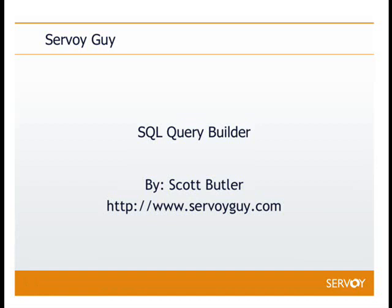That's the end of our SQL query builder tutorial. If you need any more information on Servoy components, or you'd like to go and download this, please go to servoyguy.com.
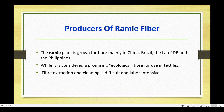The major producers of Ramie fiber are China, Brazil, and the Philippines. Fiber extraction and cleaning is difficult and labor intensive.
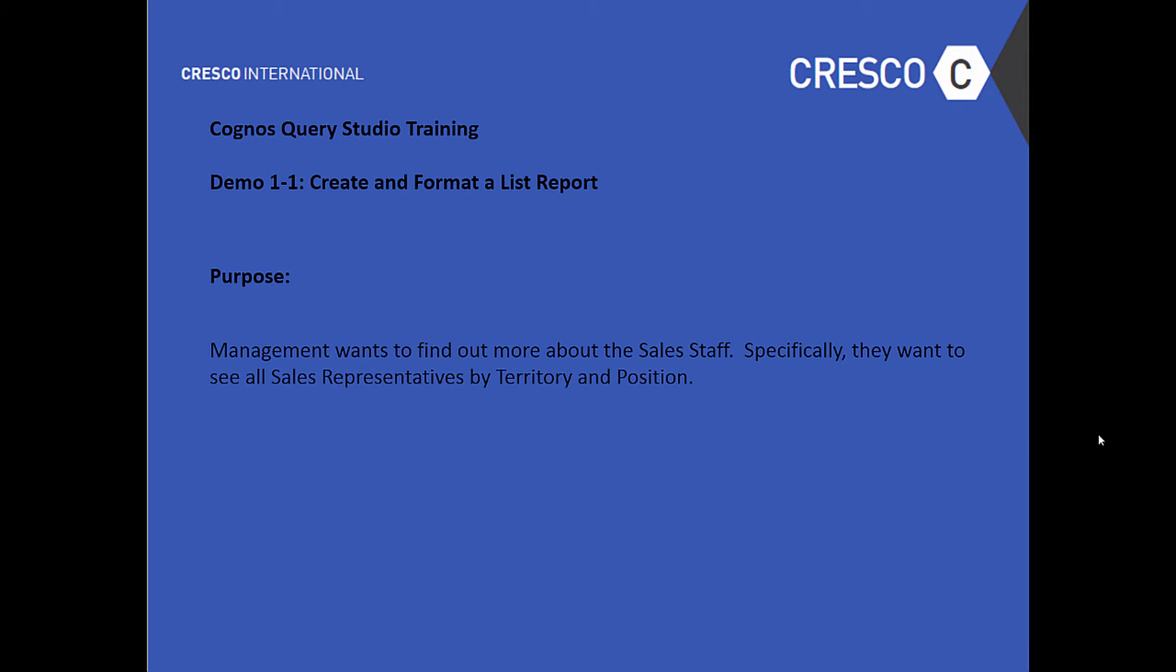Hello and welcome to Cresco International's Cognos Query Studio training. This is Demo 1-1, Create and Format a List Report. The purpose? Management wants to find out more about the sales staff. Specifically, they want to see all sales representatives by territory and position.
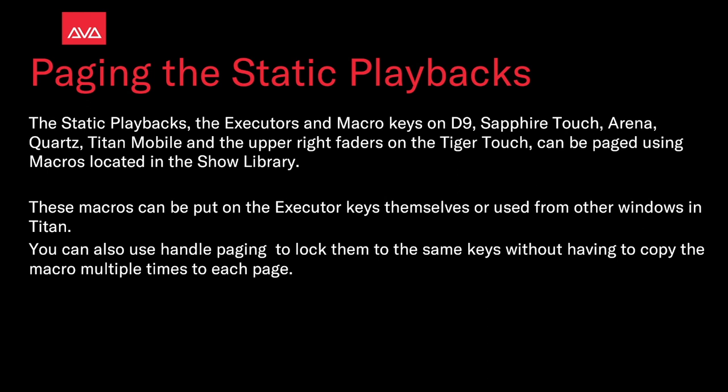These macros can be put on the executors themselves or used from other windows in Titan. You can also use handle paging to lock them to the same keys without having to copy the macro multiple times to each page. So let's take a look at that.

## Exercise instructions
The output must start at the line holding "Hello and welcome", end at the last line of the listing above, and show each line exactly; please omit all pictures.

## Exercise output
Hello and welcome to Cresco International's Cognos Query Studio training. This is Demo 1-1, Create and Format a List Report. The purpose? Management wants to find out more about the sales staff. Specifically, they want to see all sales representatives by territory and position.
These macros can be put on the executors themselves or used from other windows in Titan. You can also use handle paging to lock them to the same keys without having to copy the macro multiple times to each page. So let's take a look at that.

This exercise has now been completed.